1. Redis Encapsulation Architecture

NewLife.Redis implements the full Redis protocol, but the core functionality lives in NewLife.Core under the NewLife.Caching namespace, which provides the Redis class for basic commands and the RedisClient class representing a client connection. A connection pool holds many RedisClient objects, and FullRedis adds all advanced Redis features.

2. Basic Usage with Test Examples

The Program.cs example shows how to enable console logging with XTrace.UseConsole();. Test1 demonstrates Set and Get behavior: strings are stored directly, other types are JSON‑serialized; Get deserializes JSON back to objects. The third parameter of Set specifies expiration time in seconds. Debugging tips include launching only the needed project to speed up compilation.

3. Stress Testing

A benchmark script performs Get, Set, Remove, and increment operations. On a single machine the test reaches about 600 k operations per second; with multithreading it exceeds 1 M ops. Bench parameters include thread count, random key/value generation ( rand), and batch size using GetAll / SetAll for optimization.

4. Advanced Performance Features

GetAll/SetAll batch retrieve or set multiple keys in a single command, reducing round‑trips dramatically.

Pipeline groups commands; StartPipeline() begins and StopPipeline() ends the batch. AutoPipeline automatically flushes when a threshold is reached, removing the need for explicit start/stop calls.

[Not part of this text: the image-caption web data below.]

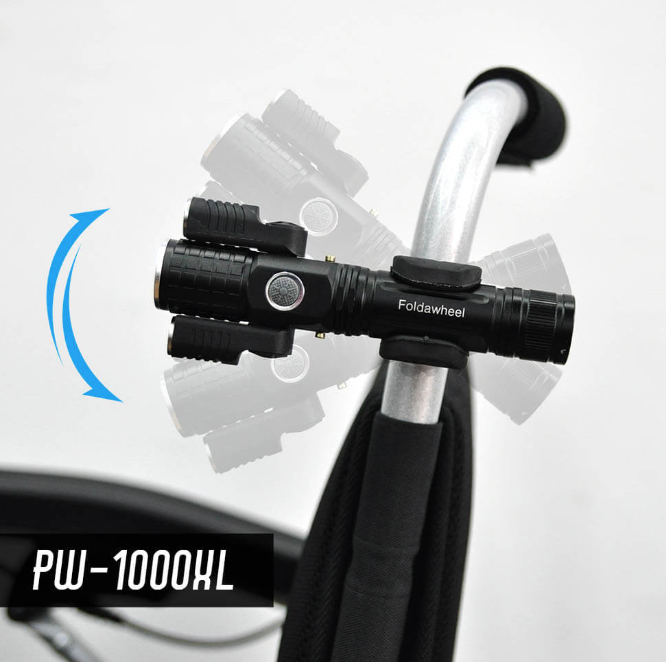 LED Light Set for Wheelchairs, Mobility Scooters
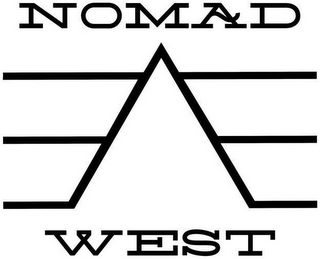 NOMAD WEST logo
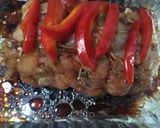 Foto del paso 3 de la receta: Enrollado de pollo
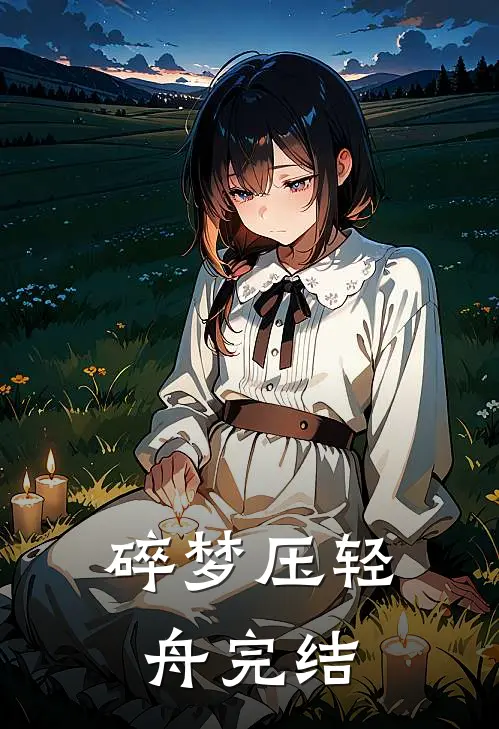 碎梦压轻舟完结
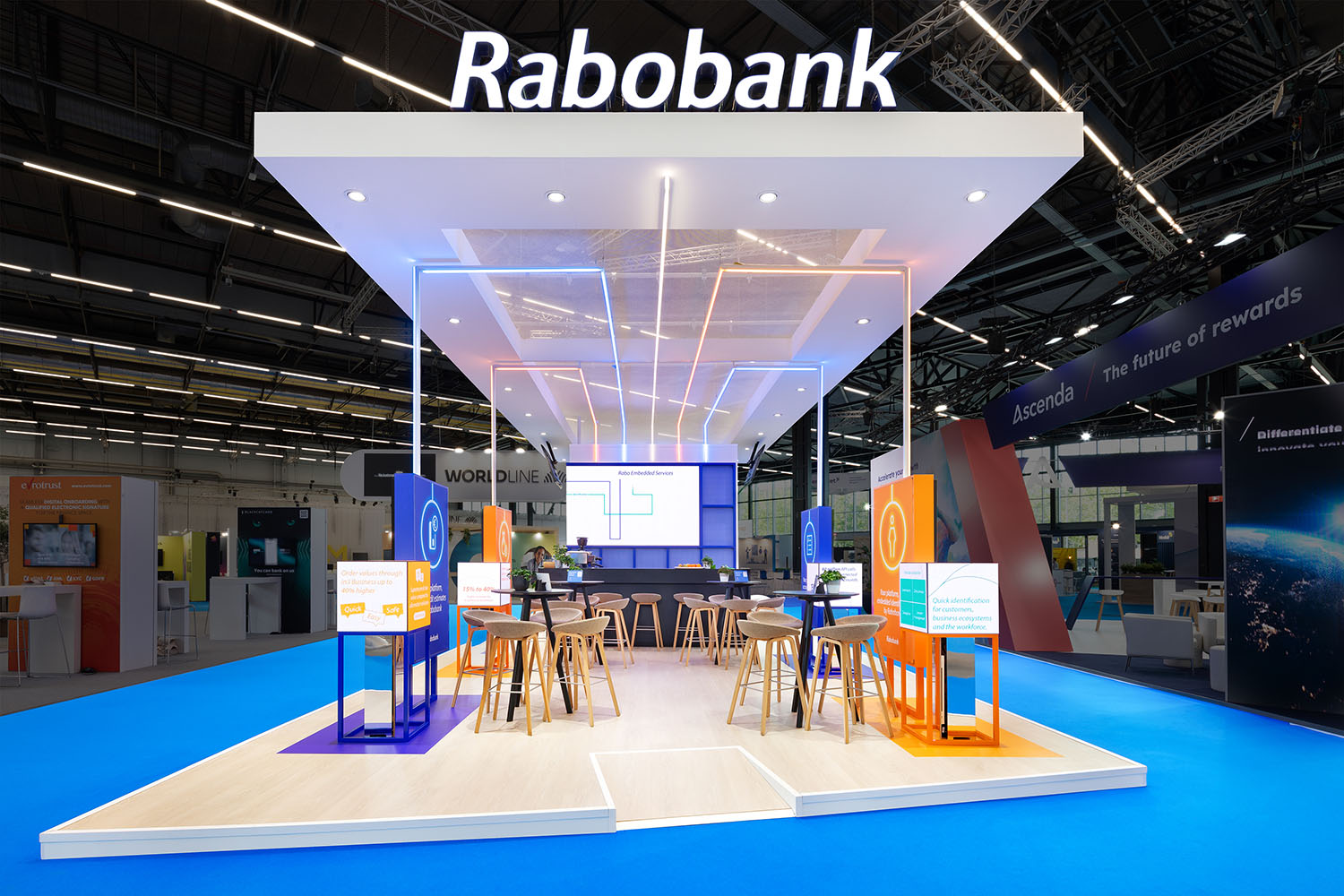 KOP EXPO - RABOBANK - MONEY 20_20 2023 - AMSTERDAM - STAND PHOTOGRAPHY - _4262 (Ir)-1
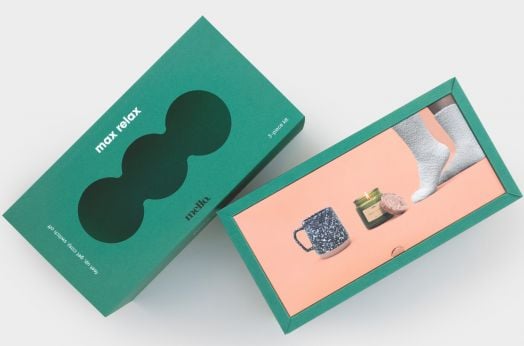 Комплект за релакс Mello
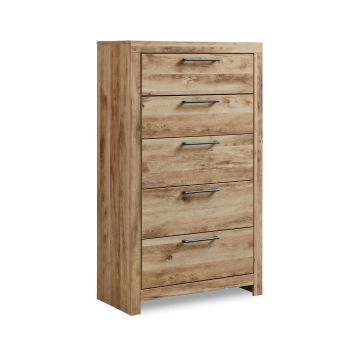 Ashley - Hyanna Five Drawer Chest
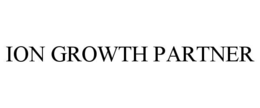 ION GROWTH PARTNER trademark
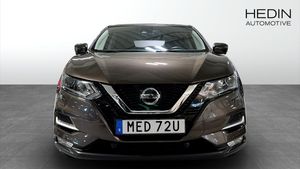 Nissan Qashqai bild 8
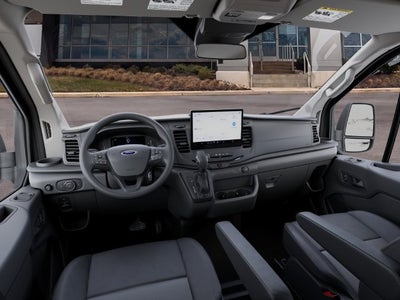 2027 Ford Transit-350 XL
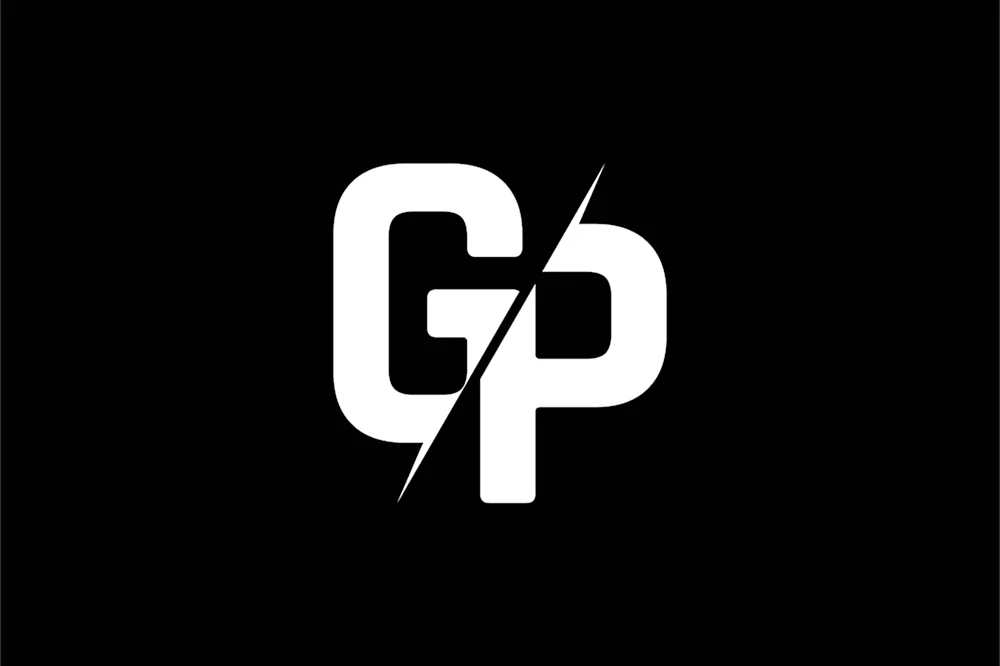 GB логотип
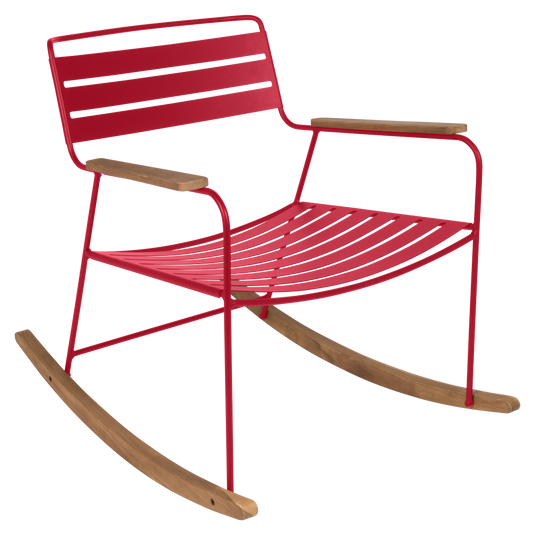 Fermob Surprising Rocking Chair in Rosalie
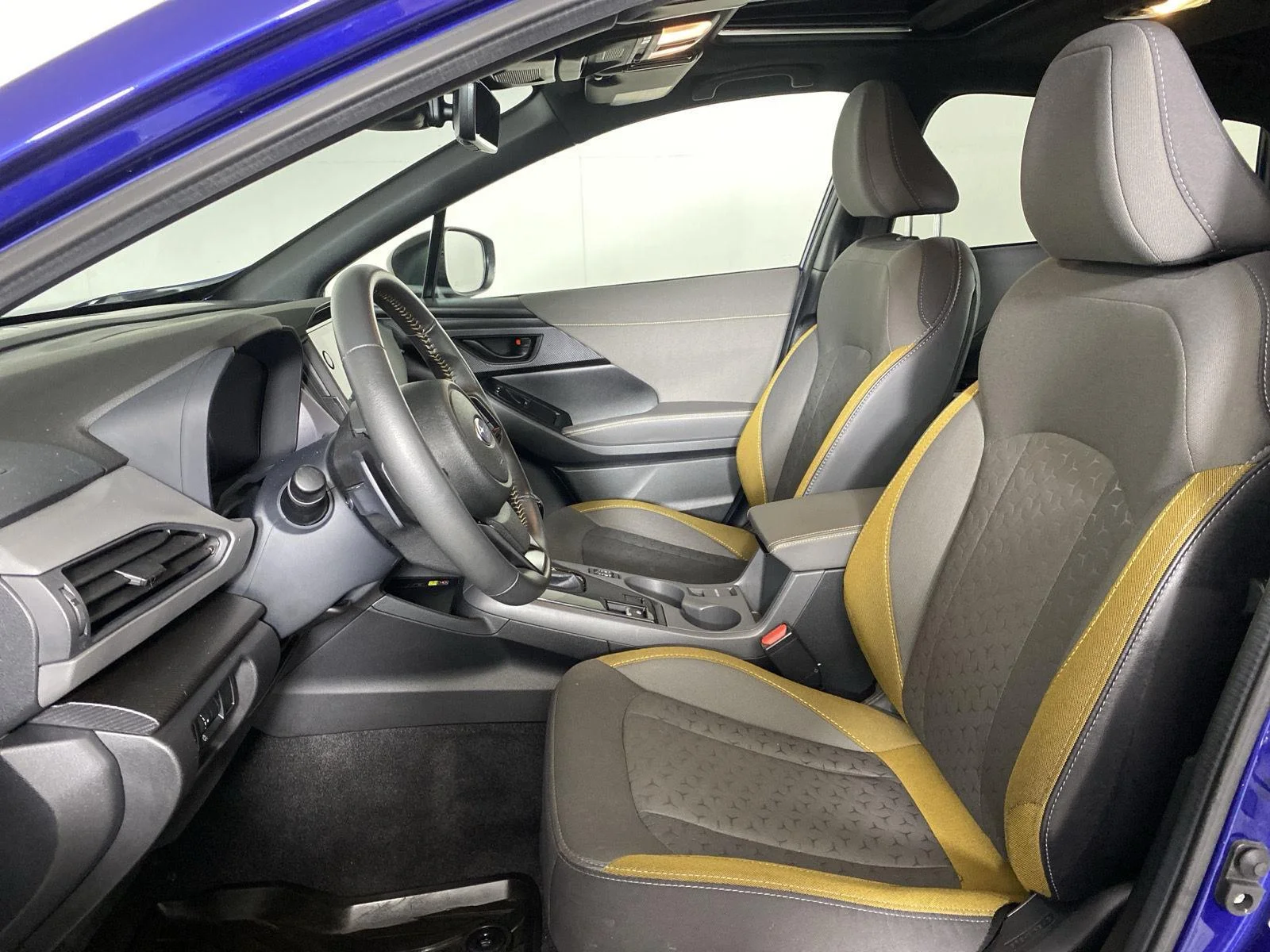 Used 2024 Sapphire Blue Pearl Subaru Sport image 13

Add and Replace provide conditional insert ( Add succeeds only if the key does not exist) and unconditional update ( Replace), useful for implementing distributed locks.

5. Practical Experience and Tips

In ZTO’s real‑time platform, over 200 Redis instances have run stably for more than a year, processing nearly 1 billion packages daily with 80 billion calls.

Average Get/Set latency is 200‑600 µs (including network round‑trip).

The built‑in connection pool supports up to 1 000 concurrent connections.

Binary serialization is significantly faster than JSON.

Deploy one Redis instance per CPU core, each using the full physical memory of the host to avoid memory exhaustion.

Distribute data across instances using key hashing (Crc16/Crc32) to achieve linear performance scaling.

Design each key/value size so that network packets stay around 1.4 KB, reducing the number of round‑trips.

Use pipelines and batch commands to mitigate serialization, bandwidth, and memory bottlenecks.

6. FAQ

Multiple keys for one data : If performance is not critical, store the whole object as JSON; otherwise consider a dictionary layout.

Queue vs List : Redis List implements both queue and stack semantics; use a dedicated queue when you need left‑push/right‑pop behavior.

Performance of objects with many fields : Generally similar, but very large datasets may show differences.

Big‑data storage : Split tables/databases so each shard contains fewer than ten million rows.

CPU spikes : Aim for near‑100 % CPU utilization; if the CPU is lower, investigate code inefficiencies or serialization overhead.